__WORK REQUEST__: Please return the data that follows precisely as written, but without the images.

__SOURCE MATERIAL__:
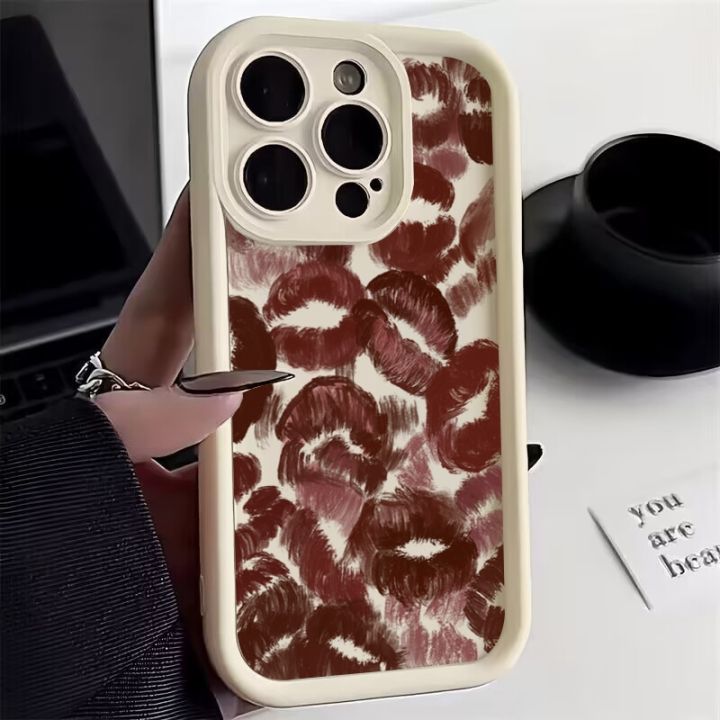 Girl Red Lips Matte Case For iPhone 11 12 13 14 Pro Max 15 Pro Max X XR XS Max 7 8 Plus SE 2020 Soft TPU Back Cover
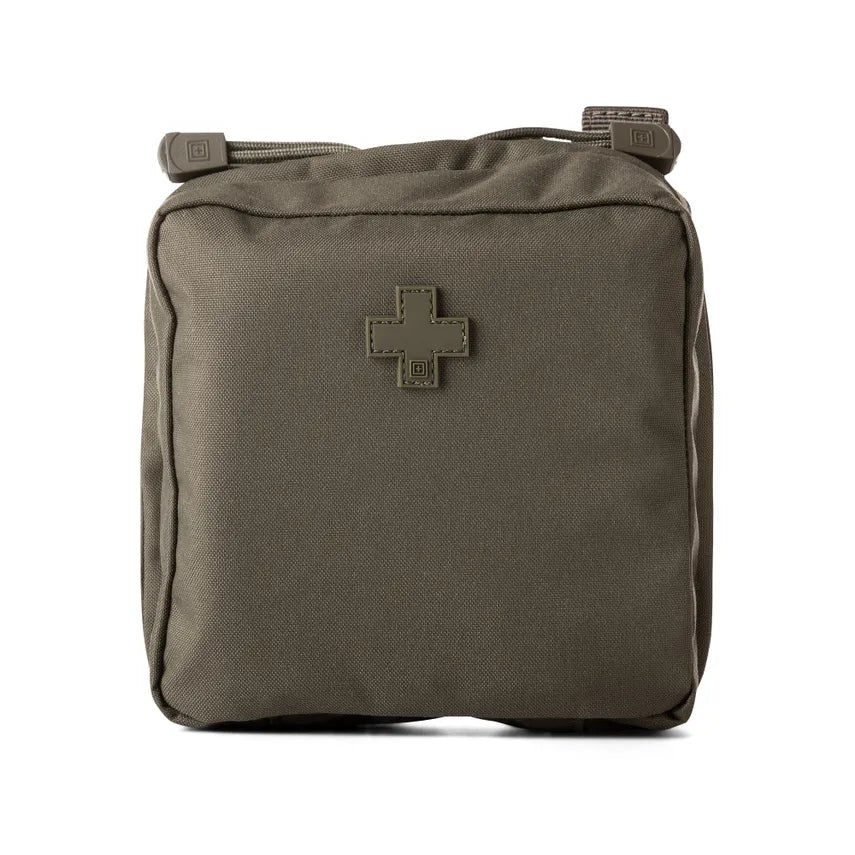 Front view of 5.11 Tactical 6x6 Medical Pouch MOLLE SlickStick Mount | 58715 in ranger green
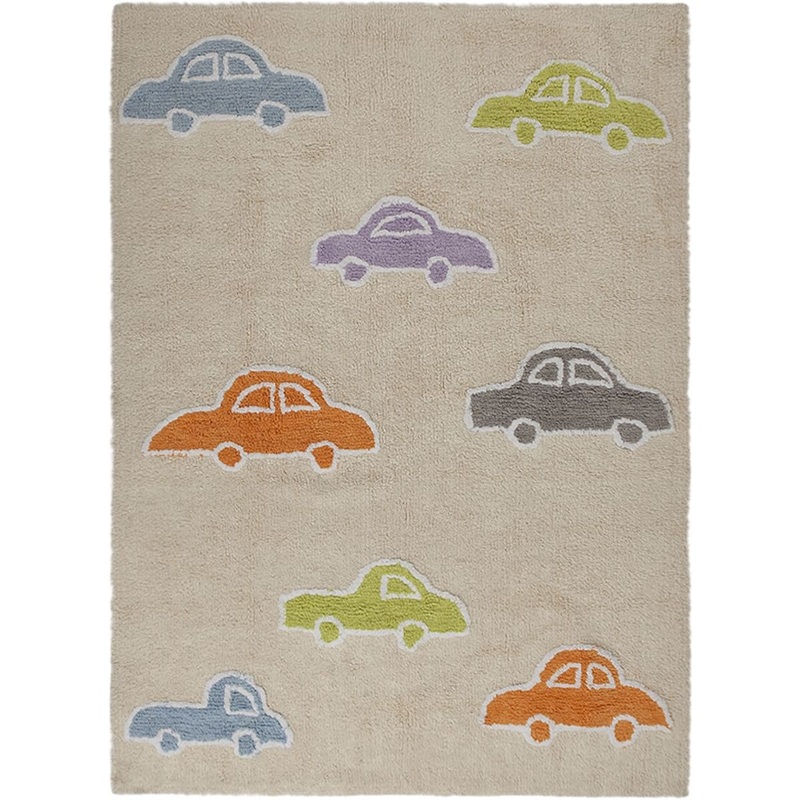 Lorena Canals Cars Rug – Beige/Multi (4′ x 5′ 3″)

__RESPONSE AREA__:
 Girl Red Lips Matte Case For iPhone 11 12 13 14 Pro Max 15 Pro Max X XR XS Max 7 8 Plus SE 2020 Soft TPU Back Cover
 Front view of 5.11 Tactical 6x6 Medical Pouch MOLLE SlickStick Mount | 58715 in ranger green
 Lorena Canals Cars Rug – Beige/Multi (4′ x 5′ 3″)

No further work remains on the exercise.